Wiz Khalifa

Rolling Papers

Rolling Papers stands as Wiz Khalifa’s first release on a major label, Atlantic Records, and follows no less than nine mixtapes and two albums and the popularity-boosting US No.1 ‘Black and Yellow’. All of the obligatory boxes for subject matter are ticked: drinking, rolling joints, hoes, money etc – it’s a rap autopilot that engages all too often, with the only variety seeming to occur when these topics are interwoven: "meet a girl teach her how to roll papers…" You get the picture. This tendency to retread his own footsteps and revert back to the pop rap blueprint as drawn by Dre and Snoop Dogg is fine, just don’t do it on every track. The preoccupation with weed outshines all others, and surpasses its status as a hip-hop cliché and becomes an obsession which dominates virtually all of his lyrical content one way or another.

Having said this, ‘When I’m Gone’ is a surprisingly insightful opening to the album. Khalifa raps about the inevitable decline of his star, that his expensive lifestyle won’t be able to last forever, promoting the simple maxim of "living for the moment". ‘Wake Up’ continues this self-reflection, and the desire to never leave its comforting bubble. This injection of character and intrigue on top of a breezy, summertime beat means that it is one of the few standout tracks on the album, working sadly as more of a saving grace than a highlight.

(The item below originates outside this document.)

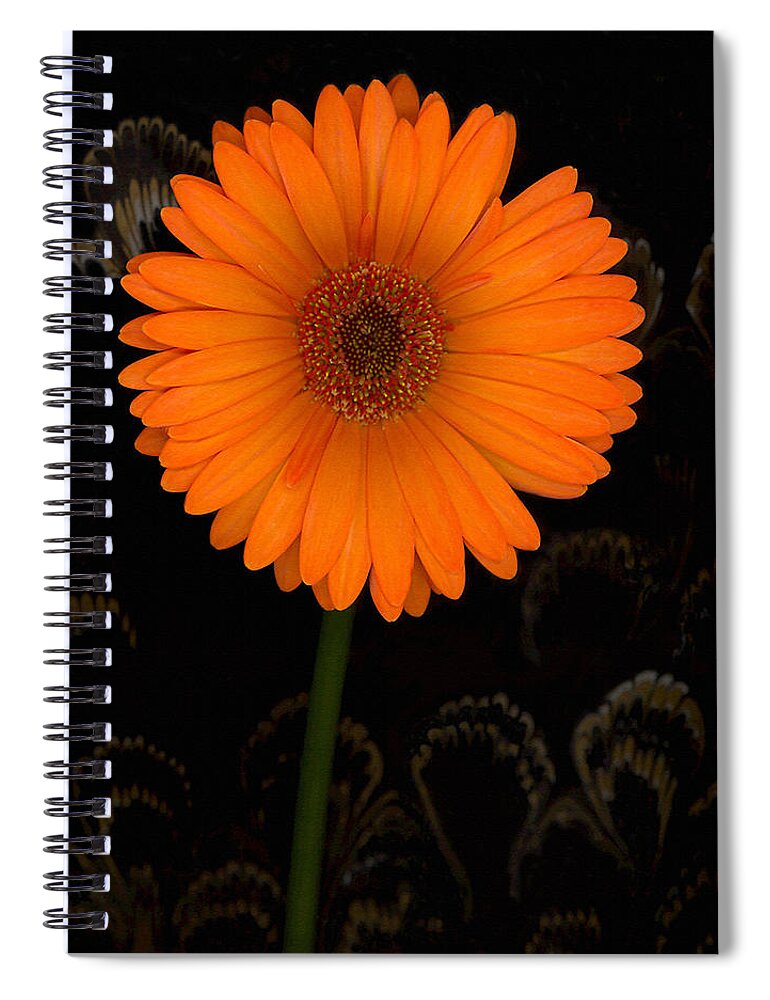 Gerbera Daisy Spiral Notebook featuring the photograph Standing Tall by Suzanne Gaff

‘Roll Up’ features tacky synths from the start and develops into a cheesy beachside ballad that wouldn’t look out of place on a Nelly LP. ‘No Sleep’ is Asher Roth’s ‘I Love College’ combined with an autotuned chorus that sounds eerily similar to Mark Hoppus’ voice. Songs like ‘Hopes and Dreams’ lack any kind of wit and don’t seem to want to aspire to anything higher than a bog-standard album track, while ‘Fly Solo’ is posing as a B.O.B/ Bruno Mars b-side. It’s difficult to shrug off the feeling that Khalifa seems content with his US number one and believes that his work is already done.

So is pop rap really the way for Khalifa to go? He has created a paean to living the hedonistic, care-free high life that certainly suits his inherently catchy style and delivery, yet with this outlook comes limited scope for imagination or ambition. His conversational and laid back flow is appealing enough; he knows what he’s good at and doesn’t choose to venture down the road of social politics or intricate rhyme patterns displayed by, say, Doom or Mos Def. Yet the downside of this means that there is a distinct lack of memorable or engaging verses on Rolling Papers as a whole, leaving it spectacularly bland.

Why is this? For a start, the record seems to be tripping over its own heels in trying to be chart-friendly and appeal to the same people that lapped up anything released by Young Money last year, but ends up just sounding too trite and shallow.

Tellingly, Stargate (named producers here) have previously worked for Ne-Yo and Rihanna, which suggests that Khalifa is somewhat forcedly walking a tightrope between pop rap and R’n’B, one crossed on such tracks as ‘Top Floor’. This is not just a slight on Wiz Khalifa but the limiting nature of the record industry; how a rapper has to saturate his sound to a profound level of mediocrity in order to be commercially safe and radio-friendly. Tha Carter IV can’t come soon enough.